If you want to try GPEN on Colab, independently from SimSwap, I have a small Github Gist for that purpose: https://gist.github.com/woctezuma/ecfc9849fac9f8d99edd7c1d6d03758a

Based on my experiments with super-resolution, GPEN looks the best among open-source super-resolution algorithms for faces. When it works, it is great. However, one has to be careful, because it can introduce artifacts, especially if the input photos had already been processed with a super-resolution algorithm. So it really has to be optional, to avoid inadvertently stacking super-resolution processing steps, which would degrade the final result.

[1] Yang, Tao, et al. GAN Prior Embedded Network for Blind Face Restoration in the Wild. arXiv preprint arXiv:2105.06070. 2021. (code and paper)
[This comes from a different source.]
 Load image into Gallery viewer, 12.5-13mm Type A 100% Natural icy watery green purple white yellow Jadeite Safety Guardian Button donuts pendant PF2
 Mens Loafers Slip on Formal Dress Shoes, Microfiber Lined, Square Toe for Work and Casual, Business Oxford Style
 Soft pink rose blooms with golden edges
Have you ever gotten GPEN to work on Windows? I am trying to replicate what you did locally, but running into this error: "Ninja is required to load C++ extensions" Ninja is installed, ugh

aesanchezgh commented 3 years ago

You can try to use this face parsing repo to get the mask, and blend the original image and swapping image according to the mask. The results by using mask or by bounding box are shown below. Many thansk~.

I've actually started training a model a few days ago using Self Correction for Human Parsing. It's very fast, and I believe it works without adding too many modules to SimSwap's repository.

The dataset I'm using is one that I've found here called LaPa, and would probably be best as it deals with occlusion, faces, and difficult situations.

img

The idea is that you would either mask it first for better alignment, or use it as a post processing step. There's another idea of using face inpainting after masking, but that's starting to get into third party plugin territory which might add complexity.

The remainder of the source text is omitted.